Within a few days of each other both plans came to the Exodus passage where God confronts Moses and tells him that when people ask who sent him, he is to tell them “I am who I am” (or I am that I am in another translation).
That made me do some thinking about the idea that it is God who is “I am.”
So, what exactly am I saying when I claim something like “I am not going to do that!” or “I am not going to go there!”? I heard a friend not long ago state, “I am a lifetime youth pastor, and will never be anything but that.” Now, that may be true, but it got me to wondering if I have the right to say that kind of thing.
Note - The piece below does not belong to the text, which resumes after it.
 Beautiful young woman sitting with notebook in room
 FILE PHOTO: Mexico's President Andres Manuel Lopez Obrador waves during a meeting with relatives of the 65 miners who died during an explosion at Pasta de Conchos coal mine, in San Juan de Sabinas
If I am a servant of God, am I not putting myself in the place of God making a statement like that? Could it be that the “I am” is my saying that I want to be the Lord of my life, that I might not be open to what God has in store for me? Might that in fact be a kind of idolatry on my part?
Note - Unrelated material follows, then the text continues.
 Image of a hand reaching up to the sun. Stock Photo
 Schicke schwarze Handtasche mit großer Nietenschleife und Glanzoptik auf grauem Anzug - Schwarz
It is one thing to say “I am a child of God” and quite another thing to say “I am never going to accept a call to pastor a church in Hawaii!” (Not that I would ever say that exactly – but substitute “downtown Toronto” or “Fort McMurray” or “out in the middle of nowhere Saskatchewan” or some not-so-friendly foreign nation, and you might be closer to the truth.) When I make that kind of statement, then I am saying in effect that I am choosing to be the God over my life and my life’s direction. And that would be plain and clear idolatry – putting anyone or anything in God rightful place.
My task, I realize, is to let the real “I AM” be my “I am.”